- **What is expected**
Retype each entry. Leave nothing out.

- **Record excerpts**
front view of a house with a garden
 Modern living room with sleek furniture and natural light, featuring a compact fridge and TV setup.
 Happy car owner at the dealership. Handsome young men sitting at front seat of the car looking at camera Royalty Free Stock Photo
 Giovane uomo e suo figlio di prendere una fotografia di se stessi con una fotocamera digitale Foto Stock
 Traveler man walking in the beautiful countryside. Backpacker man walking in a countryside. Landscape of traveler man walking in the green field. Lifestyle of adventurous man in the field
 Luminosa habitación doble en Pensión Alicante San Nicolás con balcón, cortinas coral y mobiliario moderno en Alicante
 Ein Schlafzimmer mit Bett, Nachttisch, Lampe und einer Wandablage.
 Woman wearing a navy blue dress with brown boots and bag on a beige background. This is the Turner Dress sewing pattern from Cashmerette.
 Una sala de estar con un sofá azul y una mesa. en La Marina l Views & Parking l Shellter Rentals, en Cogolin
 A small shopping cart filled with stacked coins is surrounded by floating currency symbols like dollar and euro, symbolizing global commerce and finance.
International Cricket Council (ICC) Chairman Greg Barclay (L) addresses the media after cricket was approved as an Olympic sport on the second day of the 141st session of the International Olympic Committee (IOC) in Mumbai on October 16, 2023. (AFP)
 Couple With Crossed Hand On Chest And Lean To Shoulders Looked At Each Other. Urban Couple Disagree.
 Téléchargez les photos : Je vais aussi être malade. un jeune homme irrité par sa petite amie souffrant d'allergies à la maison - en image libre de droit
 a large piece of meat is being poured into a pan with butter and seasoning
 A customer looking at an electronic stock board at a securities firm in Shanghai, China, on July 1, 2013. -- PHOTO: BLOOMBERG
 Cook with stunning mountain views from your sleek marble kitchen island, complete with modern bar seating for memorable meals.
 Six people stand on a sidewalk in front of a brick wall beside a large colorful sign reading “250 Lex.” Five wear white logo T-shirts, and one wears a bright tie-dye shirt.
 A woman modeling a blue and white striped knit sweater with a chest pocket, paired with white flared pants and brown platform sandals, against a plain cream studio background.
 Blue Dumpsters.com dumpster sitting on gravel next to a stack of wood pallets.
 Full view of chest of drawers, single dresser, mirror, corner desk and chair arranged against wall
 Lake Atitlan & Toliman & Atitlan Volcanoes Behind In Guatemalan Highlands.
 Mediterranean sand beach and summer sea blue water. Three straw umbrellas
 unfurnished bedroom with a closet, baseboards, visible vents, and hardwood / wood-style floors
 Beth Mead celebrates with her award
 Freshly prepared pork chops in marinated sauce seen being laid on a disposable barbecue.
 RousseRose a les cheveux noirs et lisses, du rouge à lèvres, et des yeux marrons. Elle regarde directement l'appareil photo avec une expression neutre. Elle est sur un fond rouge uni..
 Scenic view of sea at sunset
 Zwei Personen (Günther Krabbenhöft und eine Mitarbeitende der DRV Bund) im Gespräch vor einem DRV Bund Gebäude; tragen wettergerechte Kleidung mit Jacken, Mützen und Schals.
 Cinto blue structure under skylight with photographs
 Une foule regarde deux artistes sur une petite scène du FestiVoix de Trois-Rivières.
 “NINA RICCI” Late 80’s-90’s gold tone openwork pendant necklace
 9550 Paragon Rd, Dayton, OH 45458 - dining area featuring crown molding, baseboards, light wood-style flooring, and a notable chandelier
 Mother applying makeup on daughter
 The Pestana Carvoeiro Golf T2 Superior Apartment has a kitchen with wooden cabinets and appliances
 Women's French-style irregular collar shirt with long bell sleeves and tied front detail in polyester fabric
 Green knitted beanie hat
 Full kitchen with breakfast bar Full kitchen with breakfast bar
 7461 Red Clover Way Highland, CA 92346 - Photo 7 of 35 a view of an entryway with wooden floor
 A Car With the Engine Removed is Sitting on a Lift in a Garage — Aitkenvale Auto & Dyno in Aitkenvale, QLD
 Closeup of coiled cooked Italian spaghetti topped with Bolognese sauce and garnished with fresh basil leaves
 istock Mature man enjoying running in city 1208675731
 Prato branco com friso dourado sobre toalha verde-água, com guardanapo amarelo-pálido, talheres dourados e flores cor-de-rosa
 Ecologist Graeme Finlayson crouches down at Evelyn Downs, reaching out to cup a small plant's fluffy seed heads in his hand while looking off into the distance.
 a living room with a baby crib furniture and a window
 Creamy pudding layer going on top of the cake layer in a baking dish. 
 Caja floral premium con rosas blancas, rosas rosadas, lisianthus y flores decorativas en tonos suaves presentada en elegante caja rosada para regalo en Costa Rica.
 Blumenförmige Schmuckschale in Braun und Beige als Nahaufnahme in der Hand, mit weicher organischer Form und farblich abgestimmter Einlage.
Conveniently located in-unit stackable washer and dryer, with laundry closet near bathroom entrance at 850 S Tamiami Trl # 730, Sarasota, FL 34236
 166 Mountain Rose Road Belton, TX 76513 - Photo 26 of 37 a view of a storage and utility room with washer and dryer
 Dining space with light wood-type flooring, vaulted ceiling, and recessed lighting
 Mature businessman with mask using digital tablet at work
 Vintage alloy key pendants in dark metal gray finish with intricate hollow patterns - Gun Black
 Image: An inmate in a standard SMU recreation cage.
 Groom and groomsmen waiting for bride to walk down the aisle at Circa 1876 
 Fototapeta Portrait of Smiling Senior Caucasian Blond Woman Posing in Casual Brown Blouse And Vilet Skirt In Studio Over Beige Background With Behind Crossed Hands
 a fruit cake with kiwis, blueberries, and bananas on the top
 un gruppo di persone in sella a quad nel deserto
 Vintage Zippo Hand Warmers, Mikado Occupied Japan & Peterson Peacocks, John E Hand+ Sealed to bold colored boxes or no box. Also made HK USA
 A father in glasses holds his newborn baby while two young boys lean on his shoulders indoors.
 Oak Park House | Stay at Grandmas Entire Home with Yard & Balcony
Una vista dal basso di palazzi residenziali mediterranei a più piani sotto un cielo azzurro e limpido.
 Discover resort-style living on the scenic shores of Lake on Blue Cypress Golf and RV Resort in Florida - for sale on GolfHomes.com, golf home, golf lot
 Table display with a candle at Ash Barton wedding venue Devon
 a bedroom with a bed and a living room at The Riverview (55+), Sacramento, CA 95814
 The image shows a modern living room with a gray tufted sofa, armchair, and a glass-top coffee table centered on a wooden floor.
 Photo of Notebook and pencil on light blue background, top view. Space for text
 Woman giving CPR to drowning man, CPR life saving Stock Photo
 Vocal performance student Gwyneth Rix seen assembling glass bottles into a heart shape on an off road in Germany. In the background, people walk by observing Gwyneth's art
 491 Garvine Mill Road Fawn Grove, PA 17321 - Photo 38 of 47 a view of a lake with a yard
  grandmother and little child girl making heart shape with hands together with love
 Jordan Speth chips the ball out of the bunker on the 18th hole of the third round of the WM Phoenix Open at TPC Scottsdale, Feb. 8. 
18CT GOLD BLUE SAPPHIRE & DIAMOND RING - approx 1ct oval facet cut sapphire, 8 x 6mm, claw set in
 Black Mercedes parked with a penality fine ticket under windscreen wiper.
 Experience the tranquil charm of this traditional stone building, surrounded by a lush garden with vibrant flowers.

- **Solution below**
front view of a house with a garden
 Modern living room with sleek furniture and natural light, featuring a compact fridge and TV setup.
 Happy car owner at the dealership. Handsome young men sitting at front seat of the car looking at camera Royalty Free Stock Photo
 Giovane uomo e suo figlio di prendere una fotografia di se stessi con una fotocamera digitale Foto Stock
 Traveler man walking in the beautiful countryside. Backpacker man walking in a countryside. Landscape of traveler man walking in the green field. Lifestyle of adventurous man in the field
 Luminosa habitación doble en Pensión Alicante San Nicolás con balcón, cortinas coral y mobiliario moderno en Alicante
 Ein Schlafzimmer mit Bett, Nachttisch, Lampe und einer Wandablage.
 Woman wearing a navy blue dress with brown boots and bag on a beige background. This is the Turner Dress sewing pattern from Cashmerette.
 Una sala de estar con un sofá azul y una mesa. en La Marina l Views & Parking l Shellter Rentals, en Cogolin
 A small shopping cart filled with stacked coins is surrounded by floating currency symbols like dollar and euro, symbolizing global commerce and finance.
International Cricket Council (ICC) Chairman Greg Barclay (L) addresses the media after cricket was approved as an Olympic sport on the second day of the 141st session of the International Olympic Committee (IOC) in Mumbai on October 16, 2023. (AFP)
 Couple With Crossed Hand On Chest And Lean To Shoulders Looked At Each Other. Urban Couple Disagree.
 Téléchargez les photos : Je vais aussi être malade. un jeune homme irrité par sa petite amie souffrant d'allergies à la maison - en image libre de droit
 a large piece of meat is being poured into a pan with butter and seasoning
 A customer looking at an electronic stock board at a securities firm in Shanghai, China, on July 1, 2013. -- PHOTO: BLOOMBERG
 Cook with stunning mountain views from your sleek marble kitchen island, complete with modern bar seating for memorable meals.
 Six people stand on a sidewalk in front of a brick wall beside a large colorful sign reading “250 Lex.” Five wear white logo T-shirts, and one wears a bright tie-dye shirt.
 A woman modeling a blue and white striped knit sweater with a chest pocket, paired with white flared pants and brown platform sandals, against a plain cream studio background.
 Blue Dumpsters.com dumpster sitting on gravel next to a stack of wood pallets.
 Full view of chest of drawers, single dresser, mirror, corner desk and chair arranged against wall
 Lake Atitlan & Toliman & Atitlan Volcanoes Behind In Guatemalan Highlands.
 Mediterranean sand beach and summer sea blue water. Three straw umbrellas
 unfurnished bedroom with a closet, baseboards, visible vents, and hardwood / wood-style floors
 Beth Mead celebrates with her award
 Freshly prepared pork chops in marinated sauce seen being laid on a disposable barbecue.
 RousseRose a les cheveux noirs et lisses, du rouge à lèvres, et des yeux marrons. Elle regarde directement l'appareil photo avec une expression neutre. Elle est sur un fond rouge uni..
 Scenic view of sea at sunset
 Zwei Personen (Günther Krabbenhöft und eine Mitarbeitende der DRV Bund) im Gespräch vor einem DRV Bund Gebäude; tragen wettergerechte Kleidung mit Jacken, Mützen und Schals.
 Cinto blue structure under skylight with photographs
 Une foule regarde deux artistes sur une petite scène du FestiVoix de Trois-Rivières.
 “NINA RICCI” Late 80’s-90’s gold tone openwork pendant necklace
 9550 Paragon Rd, Dayton, OH 45458 - dining area featuring crown molding, baseboards, light wood-style flooring, and a notable chandelier
 Mother applying makeup on daughter
 The Pestana Carvoeiro Golf T2 Superior Apartment has a kitchen with wooden cabinets and appliances
 Women's French-style irregular collar shirt with long bell sleeves and tied front detail in polyester fabric
 Green knitted beanie hat
 Full kitchen with breakfast bar Full kitchen with breakfast bar
 7461 Red Clover Way Highland, CA 92346 - Photo 7 of 35 a view of an entryway with wooden floor
 A Car With the Engine Removed is Sitting on a Lift in a Garage — Aitkenvale Auto & Dyno in Aitkenvale, QLD
 Closeup of coiled cooked Italian spaghetti topped with Bolognese sauce and garnished with fresh basil leaves
 istock Mature man enjoying running in city 1208675731
 Prato branco com friso dourado sobre toalha verde-água, com guardanapo amarelo-pálido, talheres dourados e flores cor-de-rosa
 Ecologist Graeme Finlayson crouches down at Evelyn Downs, reaching out to cup a small plant's fluffy seed heads in his hand while looking off into the distance.
 a living room with a baby crib furniture and a window
 Creamy pudding layer going on top of the cake layer in a baking dish. 
 Caja floral premium con rosas blancas, rosas rosadas, lisianthus y flores decorativas en tonos suaves presentada en elegante caja rosada para regalo en Costa Rica.
 Blumenförmige Schmuckschale in Braun und Beige als Nahaufnahme in der Hand, mit weicher organischer Form und farblich abgestimmter Einlage.
Conveniently located in-unit stackable washer and dryer, with laundry closet near bathroom entrance at 850 S Tamiami Trl # 730, Sarasota, FL 34236
 166 Mountain Rose Road Belton, TX 76513 - Photo 26 of 37 a view of a storage and utility room with washer and dryer
 Dining space with light wood-type flooring, vaulted ceiling, and recessed lighting
 Mature businessman with mask using digital tablet at work
 Vintage alloy key pendants in dark metal gray finish with intricate hollow patterns - Gun Black
 Image: An inmate in a standard SMU recreation cage.
 Groom and groomsmen waiting for bride to walk down the aisle at Circa 1876 
 Fototapeta Portrait of Smiling Senior Caucasian Blond Woman Posing in Casual Brown Blouse And Vilet Skirt In Studio Over Beige Background With Behind Crossed Hands
 a fruit cake with kiwis, blueberries, and bananas on the top
 un gruppo di persone in sella a quad nel deserto
 Vintage Zippo Hand Warmers, Mikado Occupied Japan & Peterson Peacocks, John E Hand+ Sealed to bold colored boxes or no box. Also made HK USA
 A father in glasses holds his newborn baby while two young boys lean on his shoulders indoors.
 Oak Park House | Stay at Grandmas Entire Home with Yard & Balcony
Una vista dal basso di palazzi residenziali mediterranei a più piani sotto un cielo azzurro e limpido.
 Discover resort-style living on the scenic shores of Lake on Blue Cypress Golf and RV Resort in Florida - for sale on GolfHomes.com, golf home, golf lot
 Table display with a candle at Ash Barton wedding venue Devon
 a bedroom with a bed and a living room at The Riverview (55+), Sacramento, CA 95814
 The image shows a modern living room with a gray tufted sofa, armchair, and a glass-top coffee table centered on a wooden floor.
 Photo of Notebook and pencil on light blue background, top view. Space for text
 Woman giving CPR to drowning man, CPR life saving Stock Photo
 Vocal performance student Gwyneth Rix seen assembling glass bottles into a heart shape on an off road in Germany. In the background, people walk by observing Gwyneth's art
 491 Garvine Mill Road Fawn Grove, PA 17321 - Photo 38 of 47 a view of a lake with a yard
  grandmother and little child girl making heart shape with hands together with love
 Jordan Speth chips the ball out of the bunker on the 18th hole of the third round of the WM Phoenix Open at TPC Scottsdale, Feb. 8. 
18CT GOLD BLUE SAPPHIRE & DIAMOND RING - approx 1ct oval facet cut sapphire, 8 x 6mm, claw set in
 Black Mercedes parked with a penality fine ticket under windscreen wiper.
 Experience the tranquil charm of this traditional stone building, surrounded by a lush garden with vibrant flowers.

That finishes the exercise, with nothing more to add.